**AIM OF THE TASK**.
Please give back exactly the line with "Las protestas en" and each line after it through the end of the material, leaving out the pictures.

BEGIN INFORMATION SHOWN

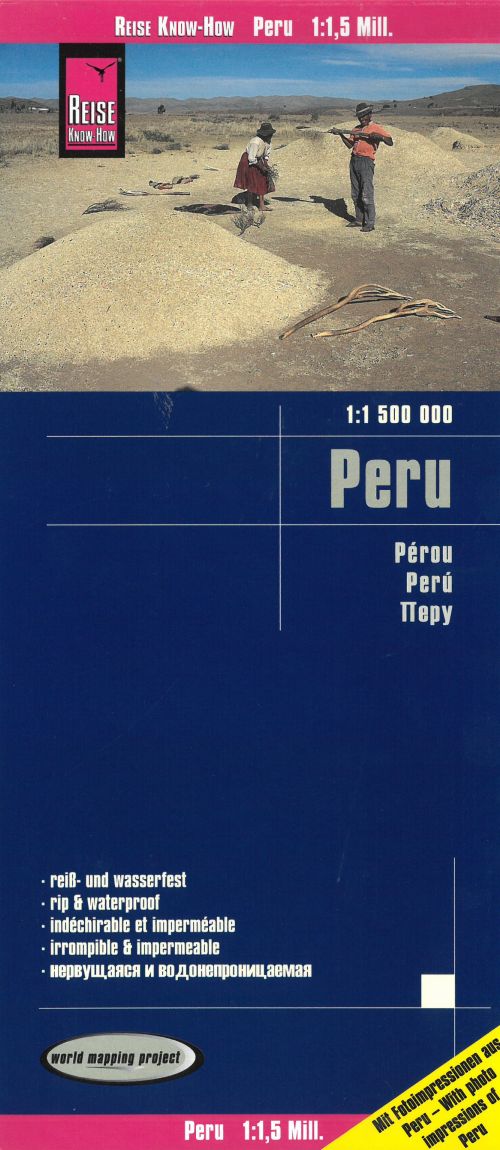 Peru, World Mapping Project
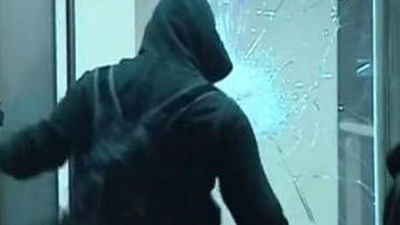 Las protestas en Barcelona finalizan con cinco detenidos por vandalismo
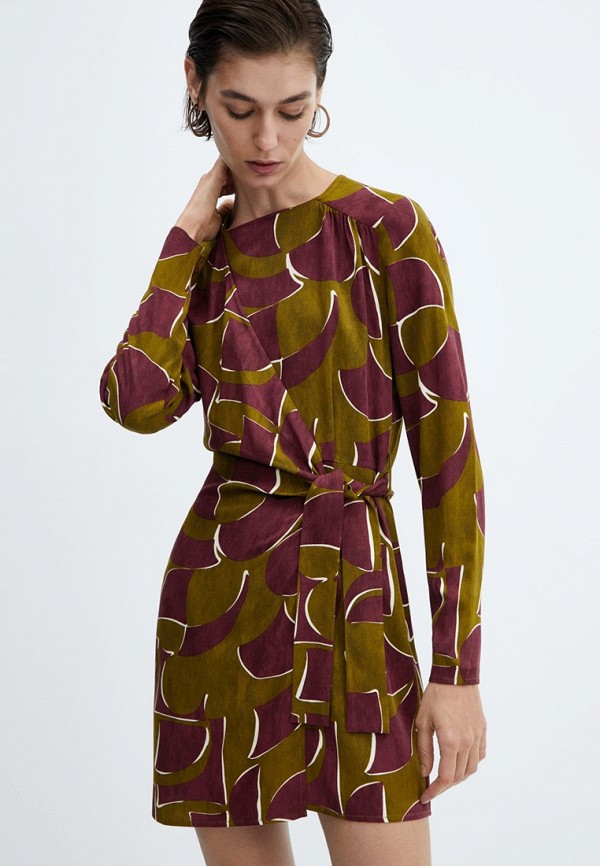 

Платье Mango, Разноцветный, MADIE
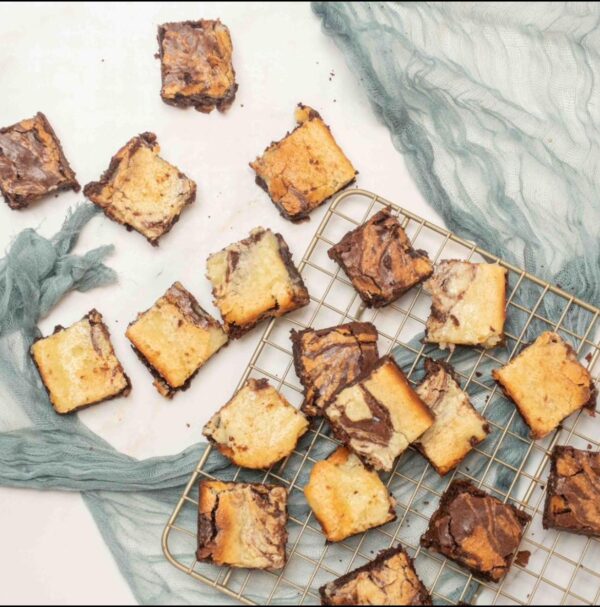 Cheesecake Brownies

END INFORMATION SHOWN

**WRITTEN RESPONSE**.
 Las protestas en Barcelona finalizan con cinco detenidos por vandalismo

Платье Mango, Разноцветный, MADIE
 Cheesecake Brownies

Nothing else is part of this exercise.